» **WORK ITEM**: For this task, extract exactly the lines of the data below, from the line containing "410 E Royal" through the last one, with pictures left out.

» **RECORDS SUPPLIED**:
◆ ◆ ◆ ◆ ◆ ◆ ◆

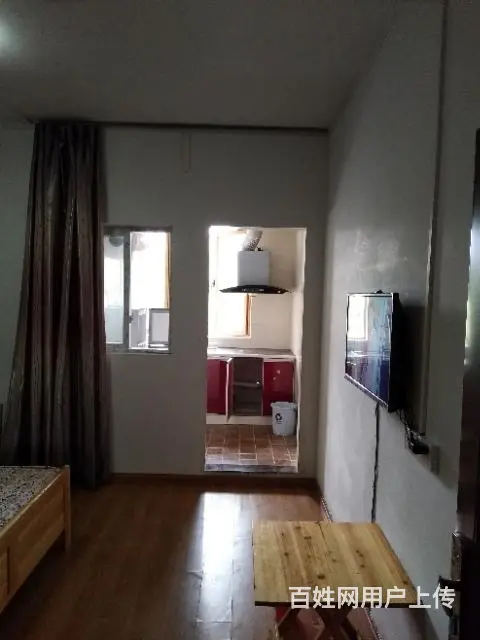 空间爱琴海小区温馨独居室标准的一室一厅一厨一卫 - 图片 1
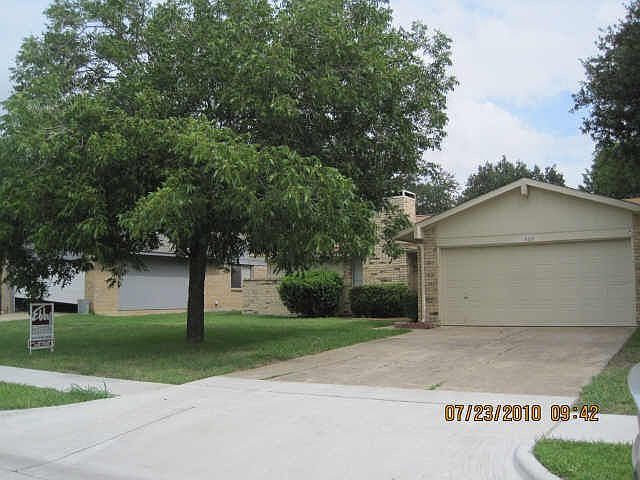 1st image of 907 Huntington Dr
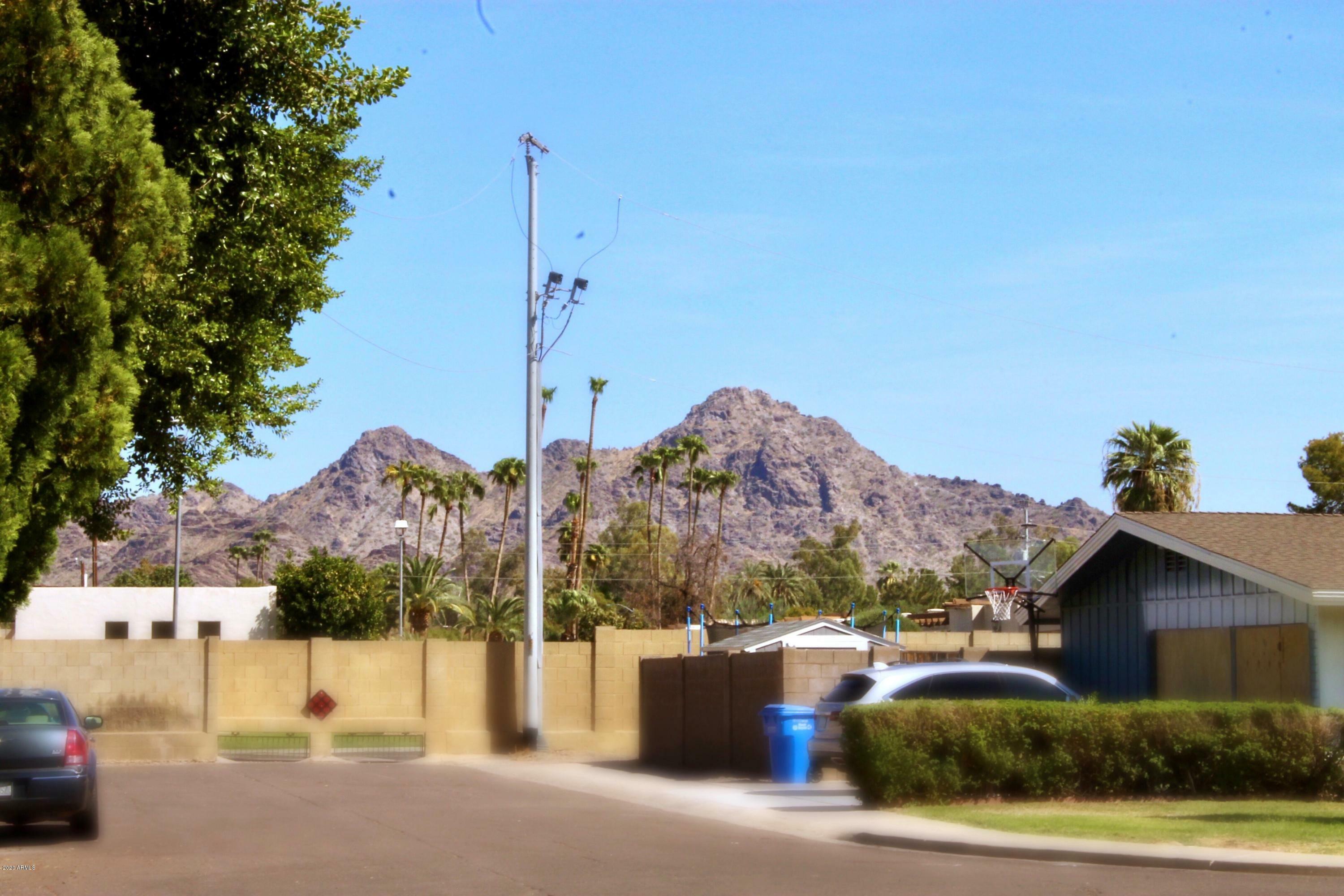 Property Photo:  410 E Royal Palm Road  AZ 85020 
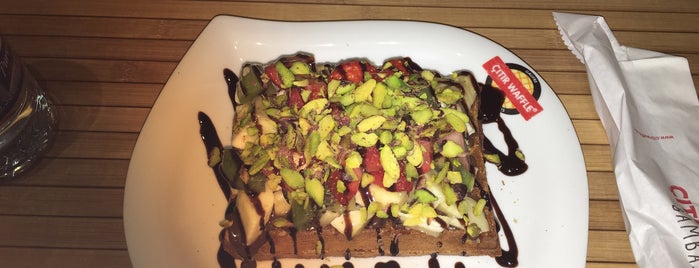 Çıtır Waffle - Edem is one of places i need to go.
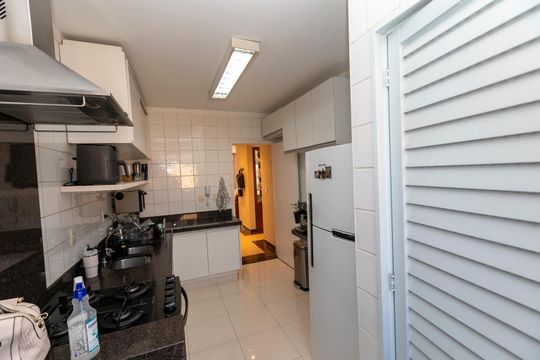 ÁREA DE SERVIÇO de casa de condomínio à venda com 3 quartos, 200m² em Chácara Primavera, Campinas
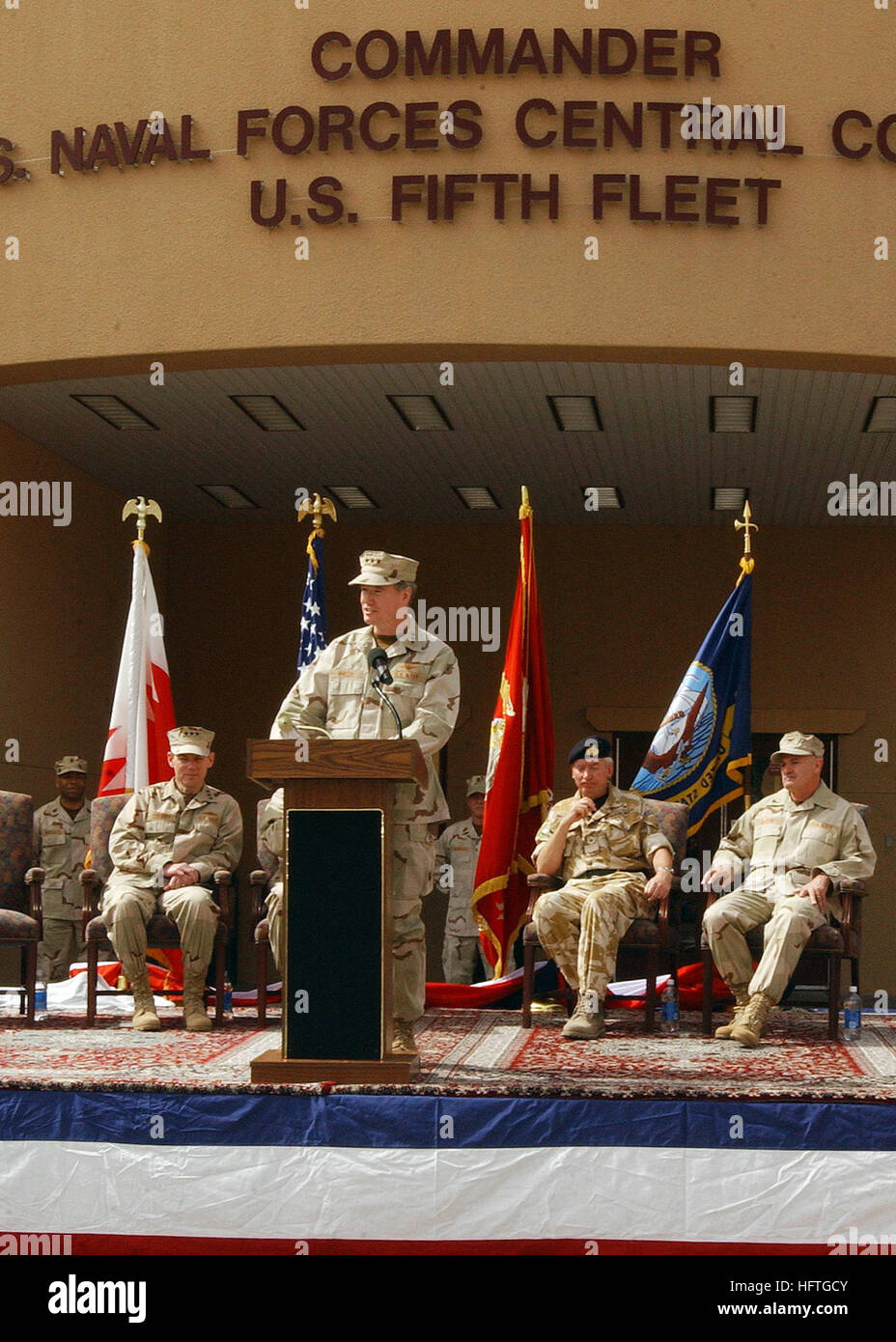 070227-N-4205W-002 Manama, Bahreïn (fév. 27, 2007) - Vice-amiral. Patrick Walsh est question des services aux membres et aux invités au cours d'une cérémonie de passation de commandement à la base navale américaine, à Bahreïn. Walsh a quitté le commandement de U.S. Naval Forces Central Command/U.S. 5e Flotte de Vice-amiral. Kevin Cosgriff durant la cérémonie. U.S. Navy photo by Mass Communication Specialist 1re classe Kathryn Whittenberger (libéré) US Navy 070227-N-4205W-002 Vice Adm. Patrick Walsh est question des services aux membres et aux invités au cours d'une cérémonie de passation de commandement à la base navale américaine, à Bahreïn Banque D'Images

◆ ◆ ◆ ◆ ◆ ◆ ◆

» **WRITTEN SOLUTION**:
 Property Photo:  410 E Royal Palm Road  AZ 85020 
 Çıtır Waffle - Edem is one of places i need to go.
 ÁREA DE SERVIÇO de casa de condomínio à venda com 3 quartos, 200m² em Chácara Primavera, Campinas
 070227-N-4205W-002 Manama, Bahreïn (fév. 27, 2007) - Vice-amiral. Patrick Walsh est question des services aux membres et aux invités au cours d'une cérémonie de passation de commandement à la base navale américaine, à Bahreïn. Walsh a quitté le commandement de U.S. Naval Forces Central Command/U.S. 5e Flotte de Vice-amiral. Kevin Cosgriff durant la cérémonie. U.S. Navy photo by Mass Communication Specialist 1re classe Kathryn Whittenberger (libéré) US Navy 070227-N-4205W-002 Vice Adm. Patrick Walsh est question des services aux membres et aux invités au cours d'une cérémonie de passation de commandement à la base navale américaine, à Bahreïn Banque D'Images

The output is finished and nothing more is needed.